FPL would acquire 260 acres on a 6.5-mile corridor along the park’s eastern edge to erect towers and other infrastructure for three power lines. In return, the park would get 320 acres acquired by FPL more than 40 years ago before the land was engulfed by an expansion of the park’s boundaries.
Several environmental groups oppose the swap, saying a corridor of cement pads, access roads, guy wires, transmission towers and power lines would destroy wetlands, kill birds and create an unsightly addition to the park’s skyline.
“We would be disrupting a national park,” said Stephen Mahoney, conservation chair of the Sierra Club’s Miami chapter. “It’s building power lines in a wetland, which would be a very destructive process for the water flow.”
FPL says it needs the power lines to transmit electricity from the new reactors planned for its Turkey Point nuclear plant, which are currently undergoing state and federal review. The company says the land swap would allow the park to acquire environmentally significant property without being unfair to FPL or its customers.
“We anticipate that the need for electricity is going to increase in South Florida, and the need for these transmission lines, poles and wires is part of that,” said Bill Orlove, spokesman for FPL.
The park has not yet taken a position on the proposal.
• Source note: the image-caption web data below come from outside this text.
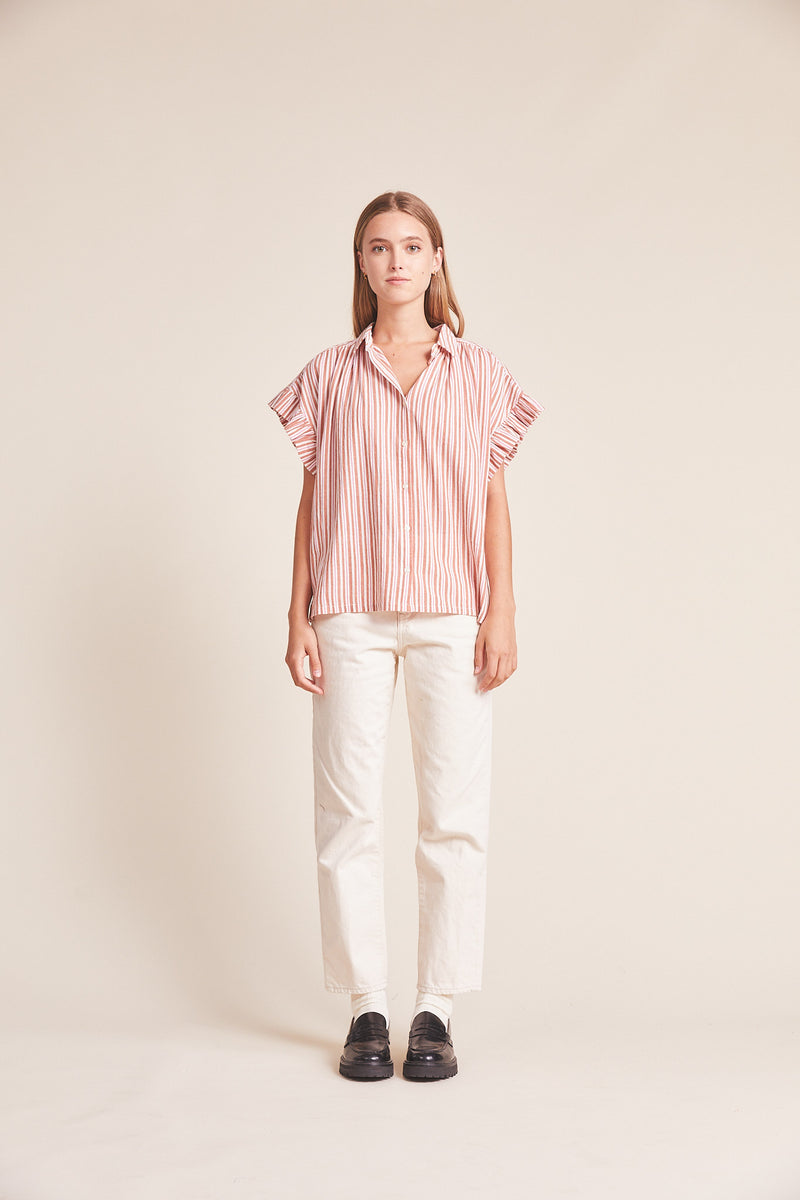 Marianne "B" Ruffle Sleeve Shirt Tanner Stripe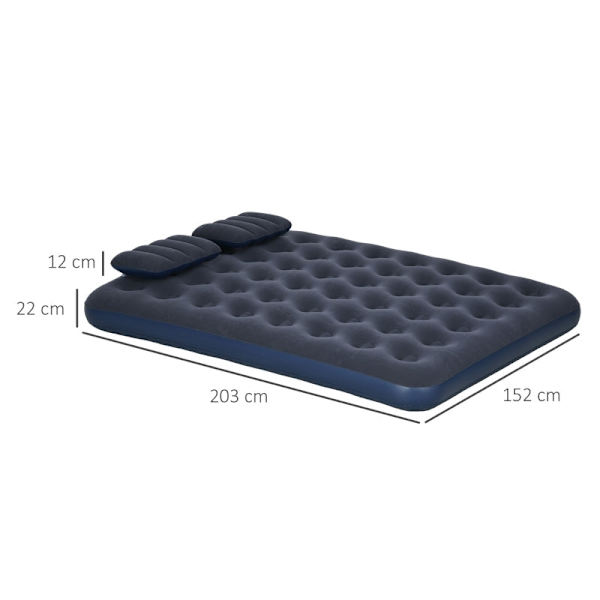 Rootz luftmadrass för 2 personer - Uppblåsbar säng - Campingmadrass - Optimalt kroppsstöd - Snabb uppblåsning - Slitstark halkfri yta - 203cm x 152cm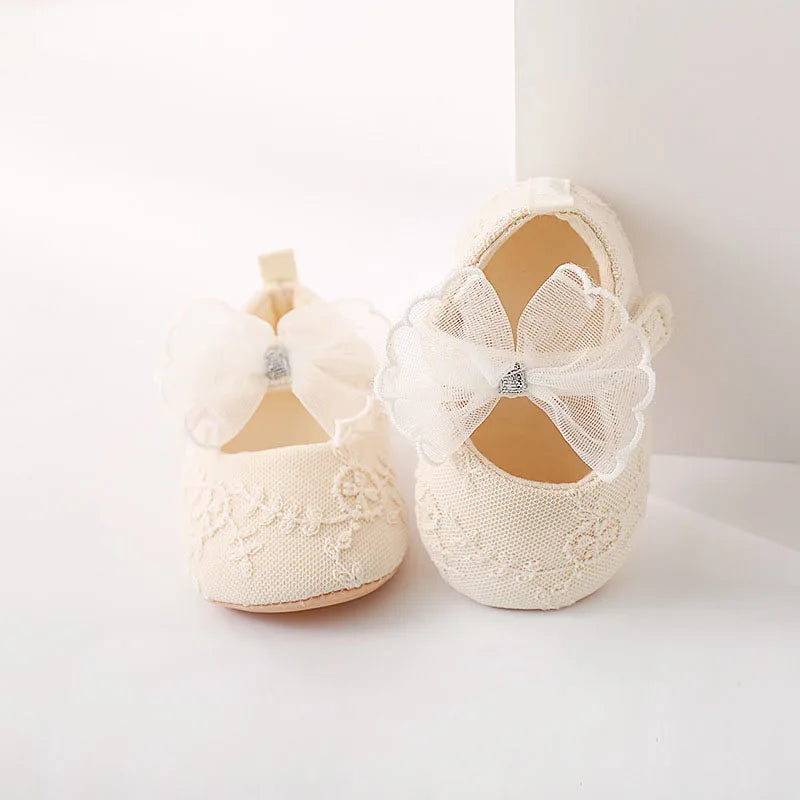 Sommer Baby Lauflernschuhe 2025 - 0-18M Mädchen Bestickte Mesh Schuhe - Kleinkind Schleife Weiche Sohle Stoffschuhe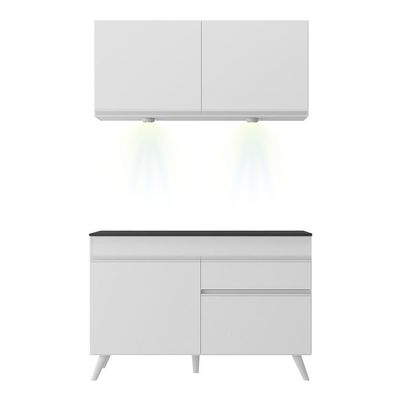 Armário De Cozinha Compacta 120cm Com Led Multimóveis Branco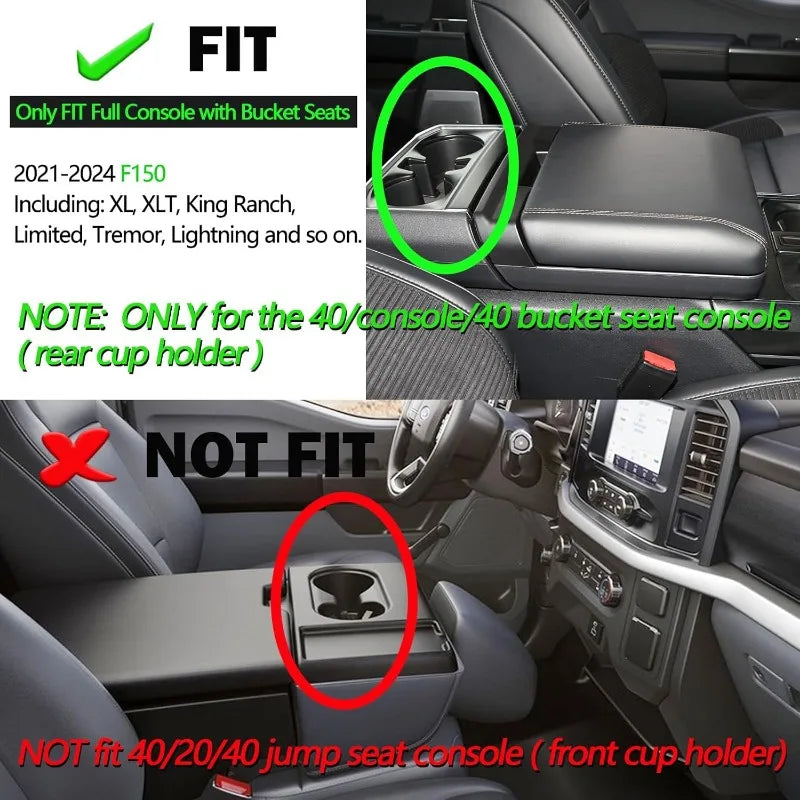 Center Console Organizer Tray Compatible 2021 2022 2023 2024 Ford F150 Accessories, Console Organizer Armrest Tray Insert Contai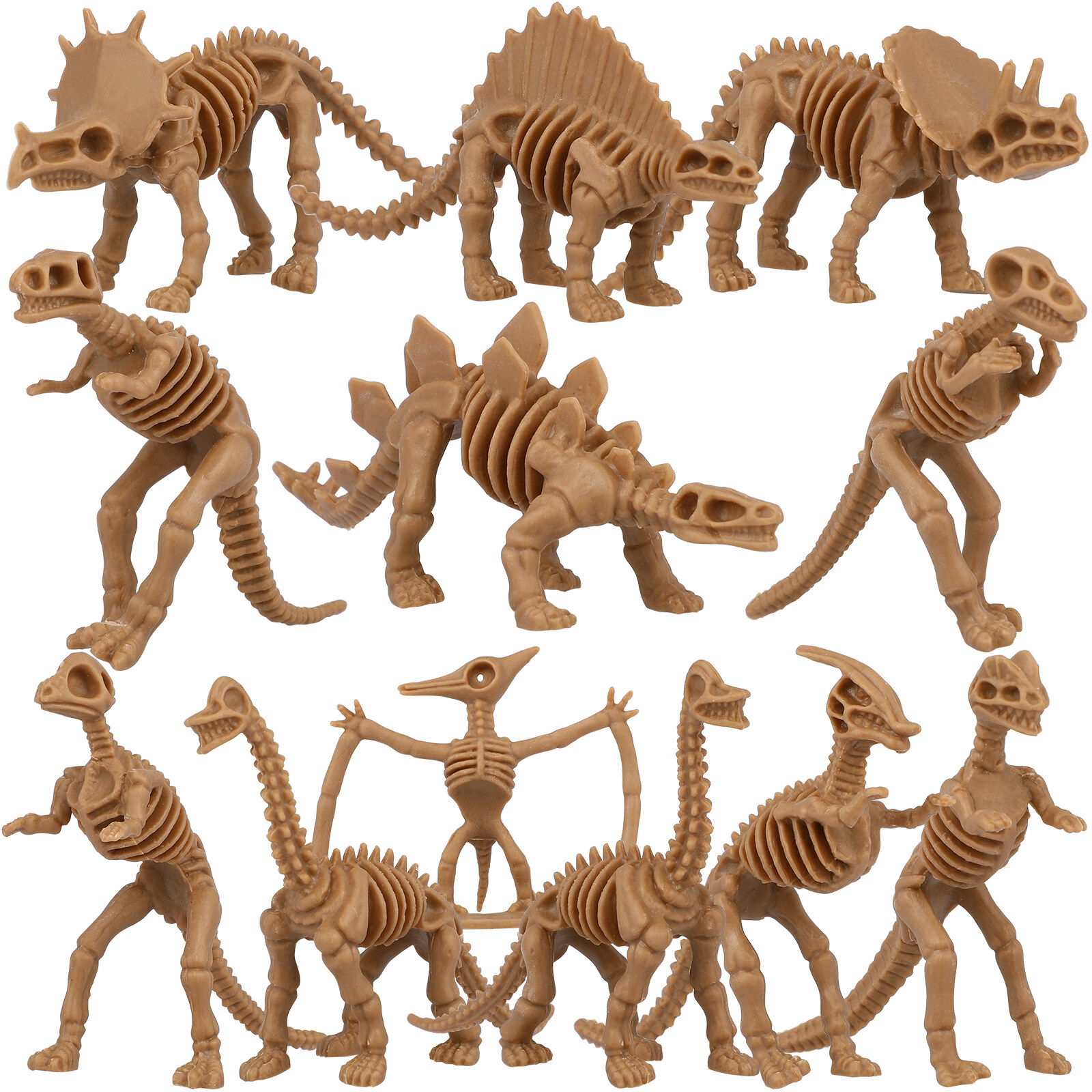 12 Pcs Simulation Dinosaur Bones Toys Dinosaur Skeleton Models Assorted
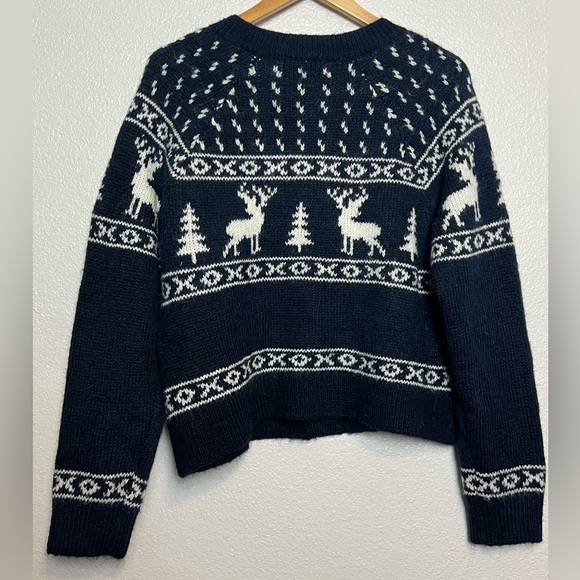 NWT Old Navy Deer Holiday Cardigan Navy Size Medium - Picture 4 of 7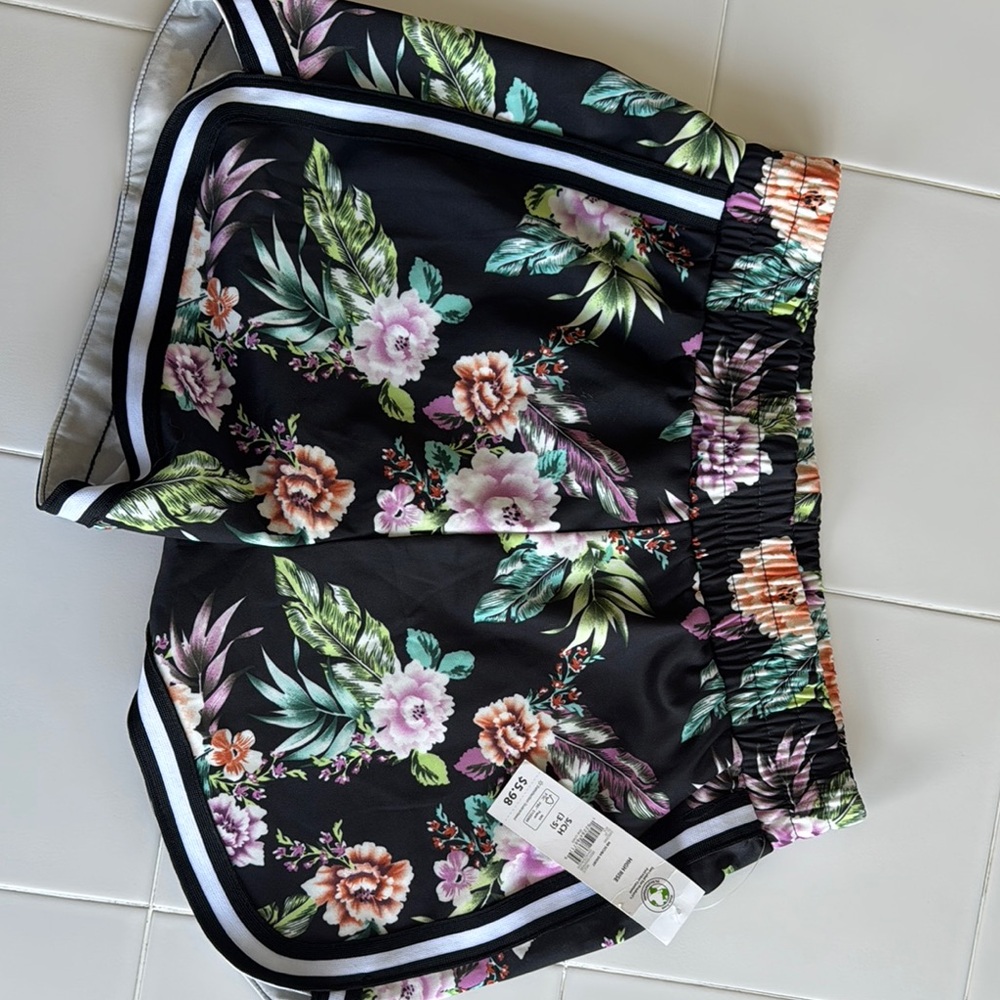 No Boundaries Black and Green Athletic Shorts Floral Design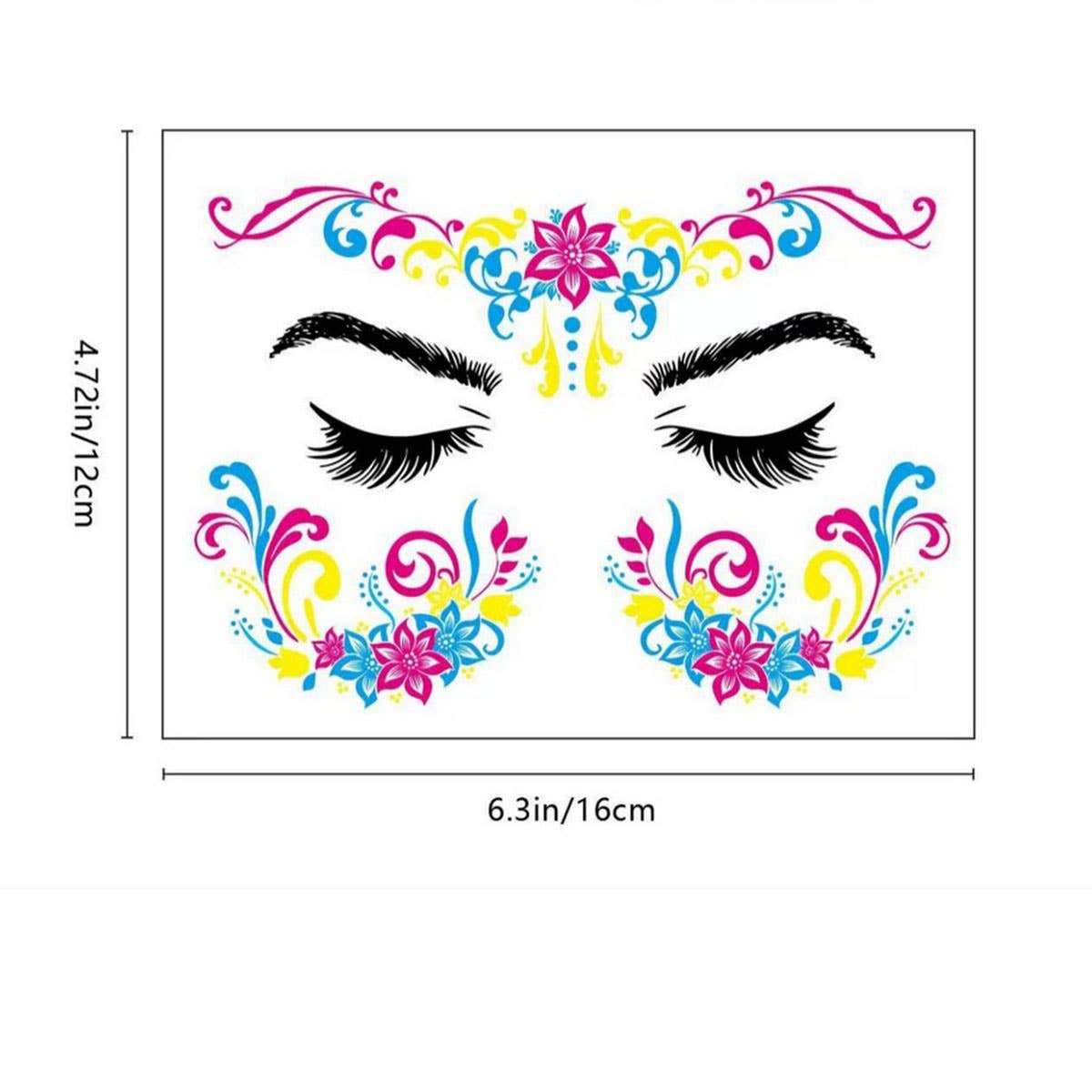 Neon Butterfly Glow Face Tattoos for Party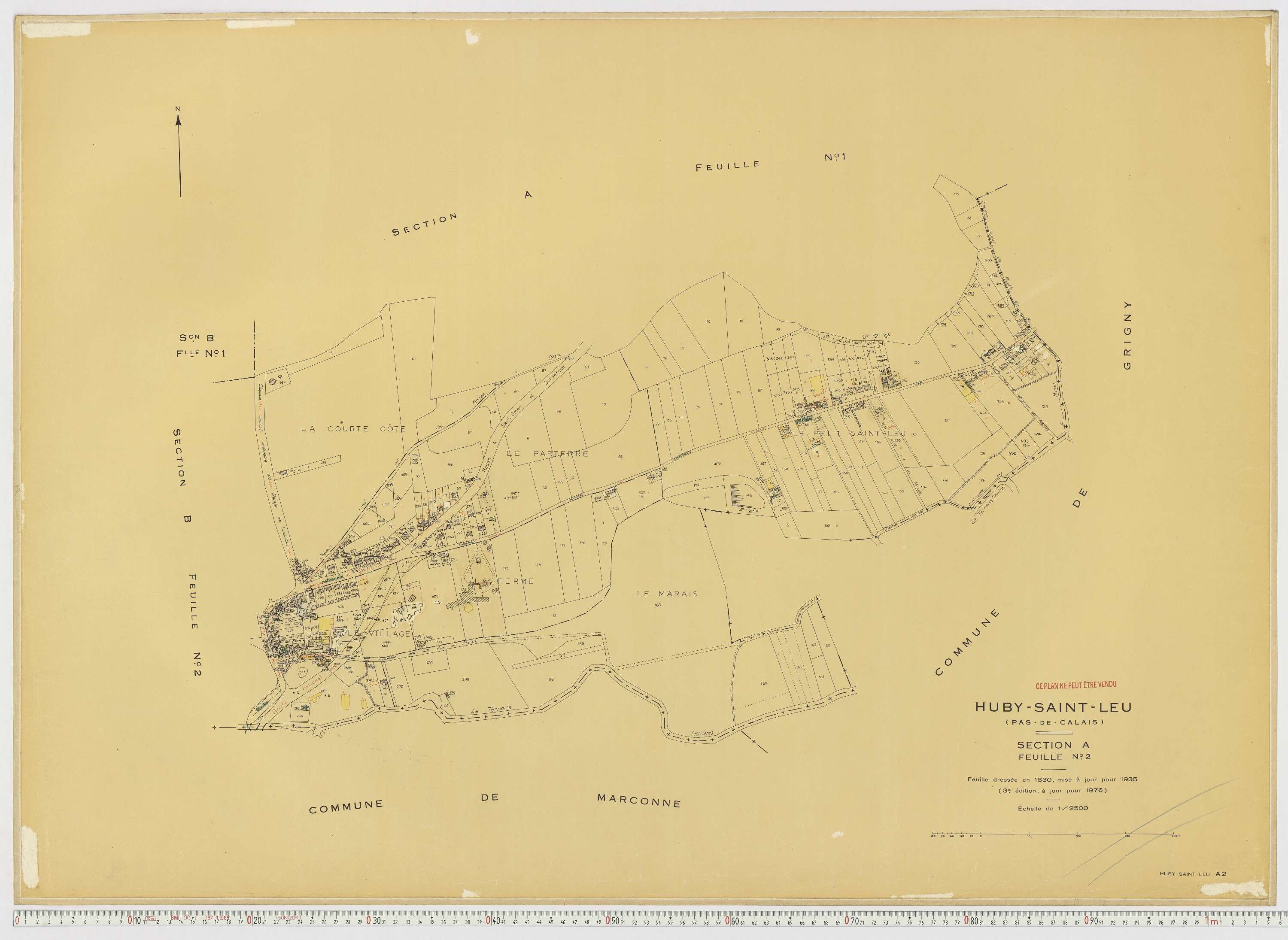 Huby-Saint-Leu - Section A, feuille 2.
An environmental analysis by the park found the proposal would result in the destruction of 260 acres of wetlands, a “direct, long-term, major adverse impact.” This would be mitigated by the enhancement of wetlands elsewhere, and the transaction would result in a net gain of 60 acres under the park’s control.
“We’re concerned about power lines next to the park, no doubt about that,” said Park Superintendent Dan Kimball.
But he said they would be preferable on the edge of the park rather than through the land FPL owns in the park’s interior. And he said the land swap would further the plan to restore the flow of water south through the park.
The public hearing will be held Wednesday from 5:30-8:30 p.m. at FIU’s Stadium Club, between gates 2 and 3 of the FIU stadium, 11310 SW 17th Street, Miami.